Mmmmm. I feel better already!
What Now?
3 years ago
4 comments:
Vent away - it helps to have somewhere to yell about all the ridiculousness. And hand in there, you are doing a GREAT job!!!
I can't address the whole adoption issue. I can say that my teenage daughter (no adoption involved), when she was in one of her moods, would be able to take ANYTHING I said and turn it around into something negative. So at least some small part of what you are dealing with is teenager-hood.
Do you have any friends with teenagers? It can really help to talk to fellow parents and realize that a lot of behavior is in the normal range. Of course I realize that a LOT of what you are dealing with is beyond the usual.
I am glad you feel better. Letting out all that "love" was bound to help.

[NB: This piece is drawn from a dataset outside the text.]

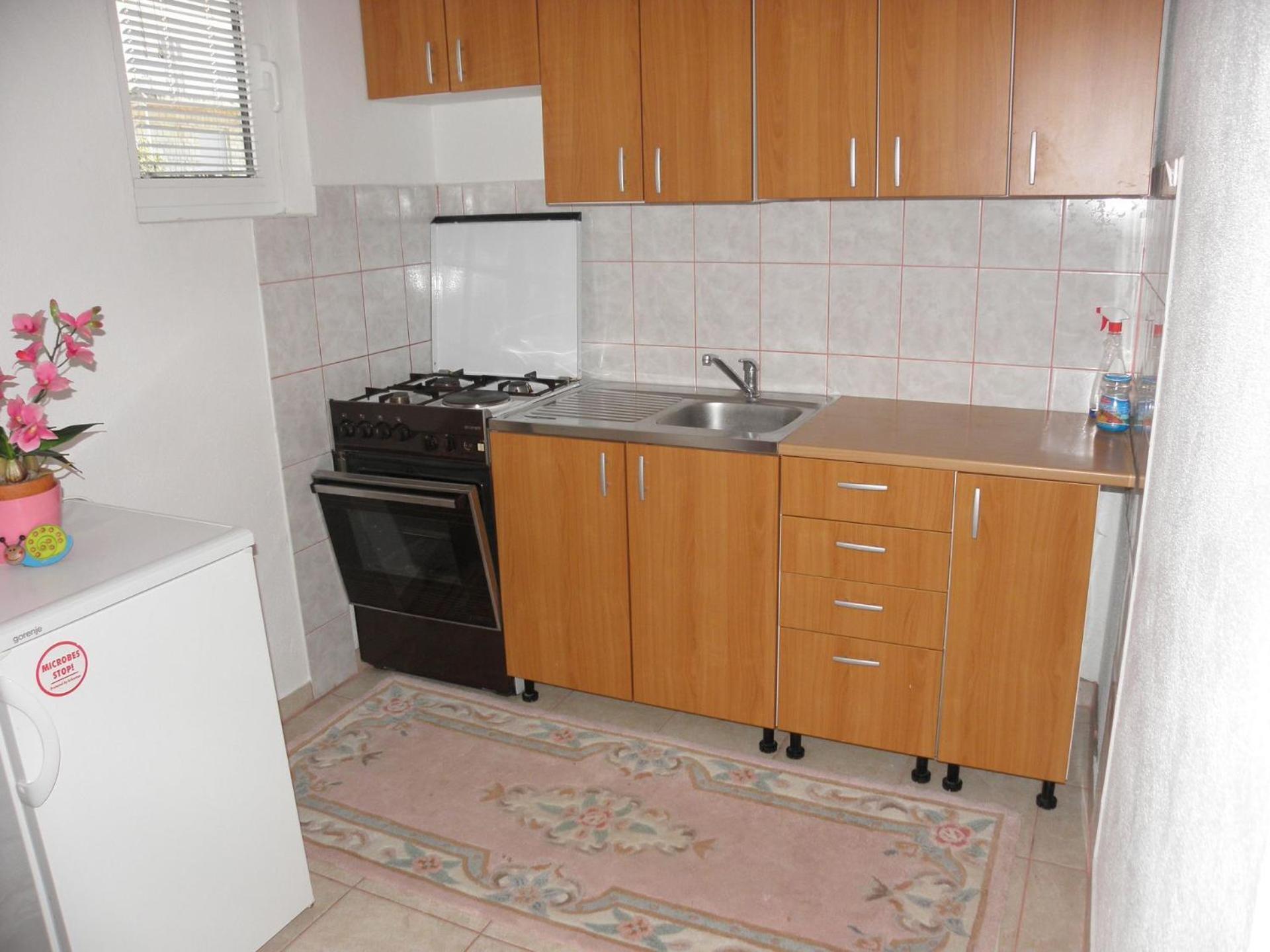 Apartments Zvone - 100 M From Sea Bibinje Exterior photo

Sparkily cupcakes and pink love to all of those "ahem" professionals you mentioned.
OMG I have been quoted!! :-)
AdvocateMom! I THOUGHT it was you, but I searched in vain to find the reference. My nerves were shot at the time. I wish I'd tried harder. "Sparkily cupcakes" has become important shorthand in our house already! So genius.
And thanks, SSR and GB's mom. It's totally true that much of the T. part of the equation is normal teen-dom. I'm kind of amazed what a "regular" teenager he is, after all he's been through - and how much "regular teenager" can be completely infuriating. It does help to hear from parents of teens and those who have parented kids into adulthood. Phew!